Place Vendôme

Arrondissement 1

Numbers: 1-2, 4, 6, 7, 8, 11-13, 23-26

On May 16 1871 Gustave Courbet endorsed the proposal by Félix Pyat to demolish the column in the centre of the Vendome Square and to melt down the bronze to use in making canon.

The statue of Napoleon had become the symbol of Napoleonic imperialism. It was first put up on August 15 1810 and was then taken down in 1814, replaced in 1831, thrown into the Seine in 1848 and finally restored by Napoleon III.

The column had been decorated in bronze melted down from the canons captured at the battle of Austerlitz. Its crowning figure, Napoleon, had not survived the Bourbon restorations of 1814-1815. Louis XVIII replaced it with the white Bourbon flag and then with the Fleur de Lys. He melted down Napoleon’s statue on top of the column to create the horse-backed Henry IV, founder of the Bourbon dynasty, on the Pont Neuf where it crosses the Island of the Cité.

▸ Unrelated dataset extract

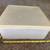 VTG Tupperware White Large Square Keeper Container 2 thumbnail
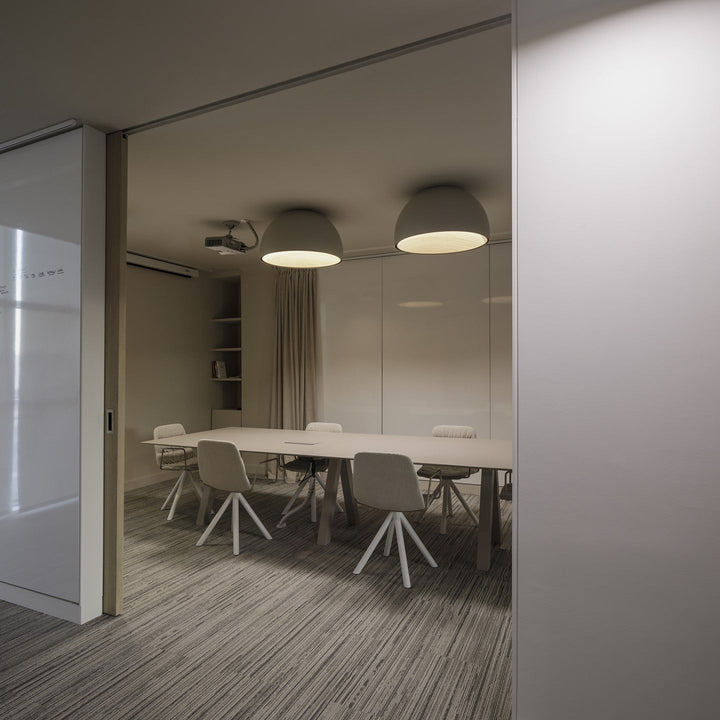 Solara Plafonnier Dôme Bois Minimaliste - Neutralighting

Citizen Courbet pushing over the Vendome column as seen at the time by the latest version of the revolutionary satirical paper Le Pere Duchesne

During the defence of the Paris Commune in May 1871 a barricade defending the Headquarters of the National Guard at Nos. 11-17 was put up from No. 1 to No. 2 and across the Rue St. Honoré. The Versaillais troops took the barricades from the back by getting through the Hotel du Rhin at No. 4.

Félix Lepeletier, an aristocratic revolutionary, lived at No. 6 and allowed Babeuf, Buonarroti and others involved in leading the Conspiracy of Equals to meet there in March 1796. Félix’s older brother, Louis-Michel Lepeletier de Saint-Fargeau, had cast the deciding vote on the execution of Louis XVI, and that same evening, 20 January 1793, he was stabbed with a sword by one of the king’s former bodyguards.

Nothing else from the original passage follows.